Tate Tewksbury is a juxtaposition.

Blue sky above, green grass and brown earth below, the scene is pastoral, to say the least. Tewksbury pushes his tiller through an unplanted patch of garden, preparing the ground to be cultivated, before a jolting interruption from his pocket.
It's his Blackberry. And it's ringing.

He stops himself and, tiller still running, takes the call; a picture-perfect image of the modern farmer, working the land while simultaneously staying connected to today's Facebook status-updating, social media-obsessed, technologically driven society of 24-hour news and information overload.

Even with Blackberry in hand, Tewksbury admits that he believes in keeping it simple. And that's why Good Groceries was born.

Tewksbury is no stranger to agriculture.

By day, he works in landscaping.

Six years ago his family, while maintaining full-time jobs, got together and worked the same piece of land that his garden currently sets on. They worked it for one season.

"We all had normal jobs," Tewksbury said. "We started doing it [tending the garden] after hours."
Tewksbury started working the same piece of land by himself just this year. He works in the garden for about six hours a day.

"Letting the ground alone helps," Tewksbury said, about the lapse in time.

The list of produce for this year (which reads like the scene from "Forrest Gump" where Bubba rattles off a seemingly never-ending list all of the different ways to prepare shrimp) includes cucumbers, onions, carrots, squash, zucchini, corn, tomatoes, heirloom tomatoes, peppers, okra, eggplant, radishes, spinach, lettuce (about 400 pounds of it), broccoli, kohlrabi and Swiss Chard. He grows for customers that include average folks to restaurants and caterers.
This year's planting has been reactive, rather than well-planned according to Tewksbury.
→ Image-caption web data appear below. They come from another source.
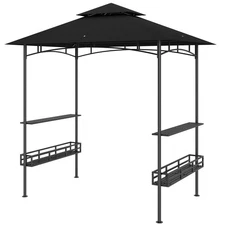 Adjustable 8x5ft Outdoor Grill Gazebo 2-Tier with Shelves Baskets Hook Charcoal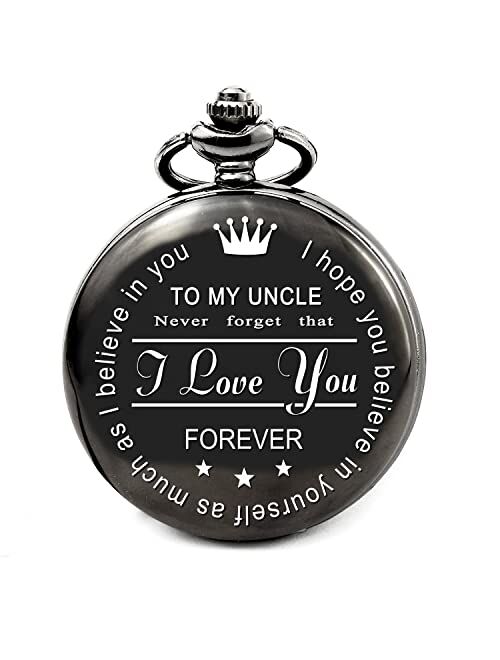 To My Son| Husband| Lover/King| Grandson, ManChDa Mens Womens Quartz Personalized Pocket Watch Engraved Engraving Customized with Chain Gift Box Gift for Son Husband Dad 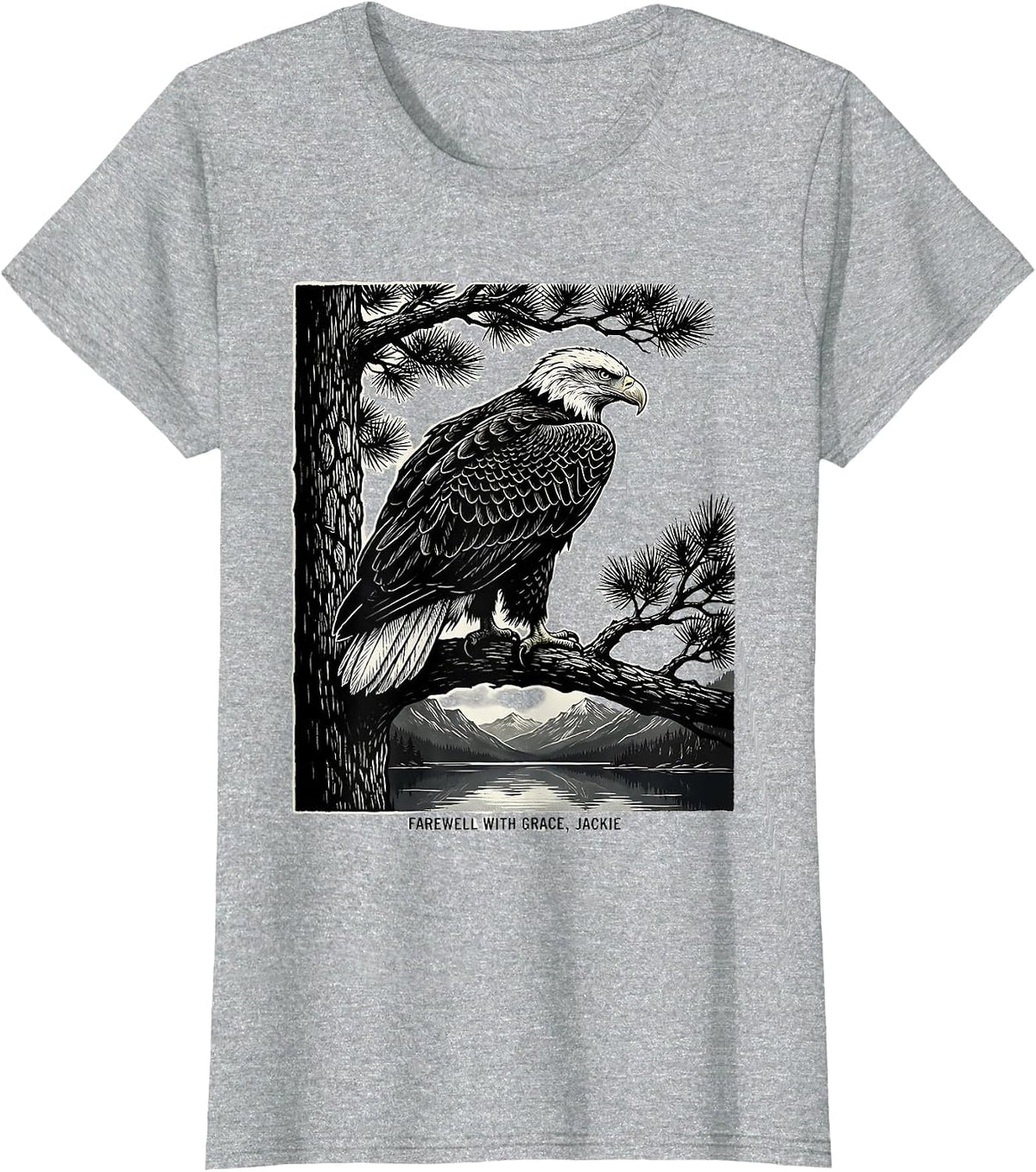 Women's Farewell With Grace Jackie Memorial Tribute Bald Eagle T-Shirt - Heather Grey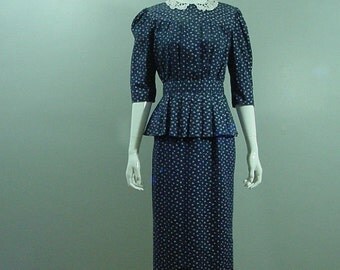 Eber Navy Peplum Dress 80s Vintage 38 / 27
"I planted pretty much standard fare," Tewksbury said. "There are so many people from so many different places, they wanted different things."

His customer base comes from previous customers, friends and word-of-mouth.
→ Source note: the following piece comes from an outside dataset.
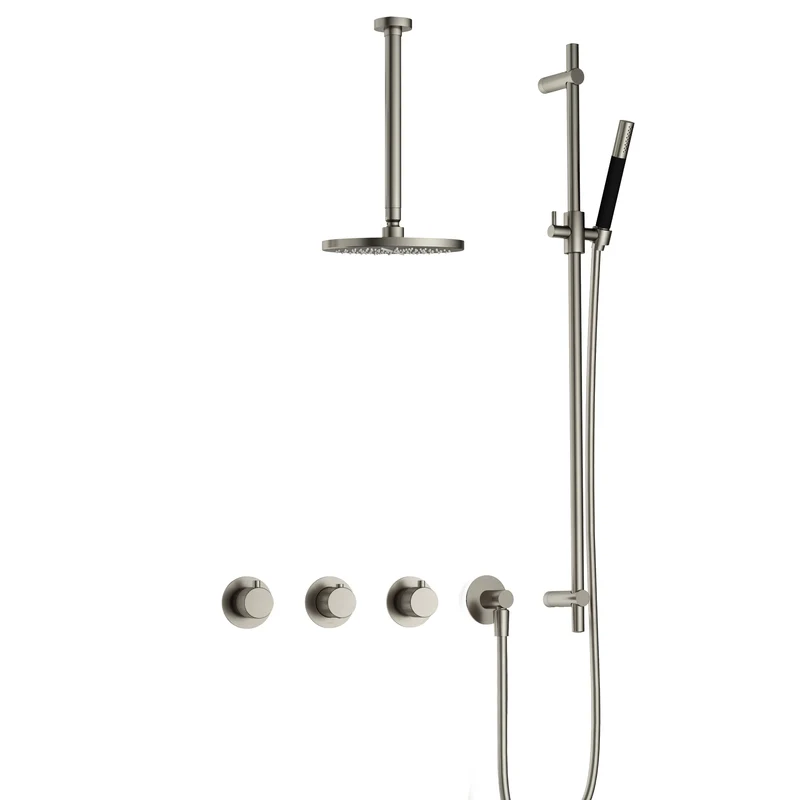 Hotbath Cobber X IBSX70 inbouw doucheset - staafhanddouche - 25cm hoofddouche - 30cm plafondbuis - glijstang - Geborsteld Nikkel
"Customers are really good about telling [other] people about it," Tewksbury said.

And, being the technologically adept farmer, Good Groceries has its own Facebook page and e-mail listserv (maintained by Tewksbury's wife), used to update potential customers as to the status of available produce.
Moreover, Tewksbury delivers.

Customers call him with an order, and he typically has it out to them that day.

"It [Good Groceries' purpose] had to be because it was easier for people than hopping in their car and going to Ingles," Tewksbury said. "I go get it for them...I have to schedule my day around that."

He's also out at Harmony Crossing, by Lake Oconee, every Saturday.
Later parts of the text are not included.